Start of Given material

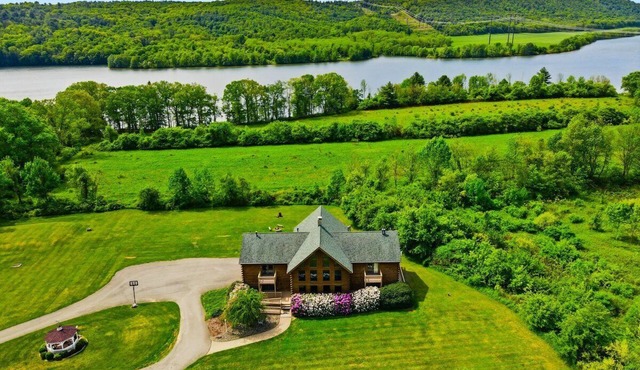 Spacious 8BD/7BA lodge Beltzville Lake, firepit, kayaks, pet-friendly, Poconos in Lehighton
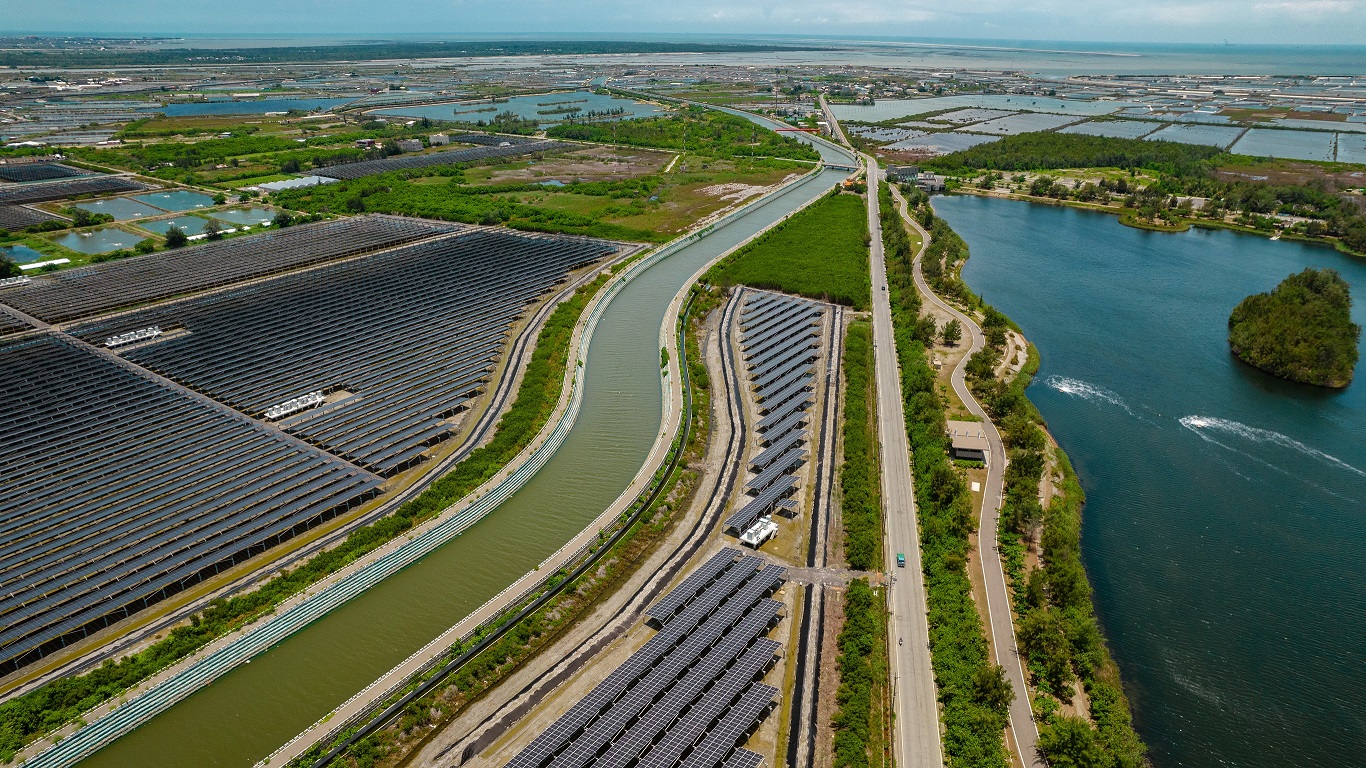 米兰体育能源事业提供智慧能源管理、太阳能监控管理、全方位电厂建置及运维解决方案，并拥有管理超过6000案场的经验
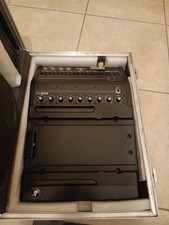Mixer Mackie DL806 + Flight Case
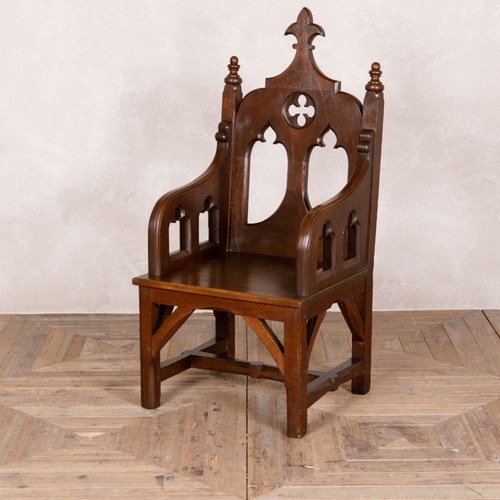 Large gothic hall - carver, chair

End of Given material

Problem to solve: The reply should hold every line of the material above, unchanged, and no pictures.

Completed task:
 Spacious 8BD/7BA lodge Beltzville Lake, firepit, kayaks, pet-friendly, Poconos in Lehighton
 米兰体育能源事业提供智慧能源管理、太阳能监控管理、全方位电厂建置及运维解决方案，并拥有管理超过6000案场的经验
Mixer Mackie DL806 + Flight Case
 Large gothic hall - carver, chair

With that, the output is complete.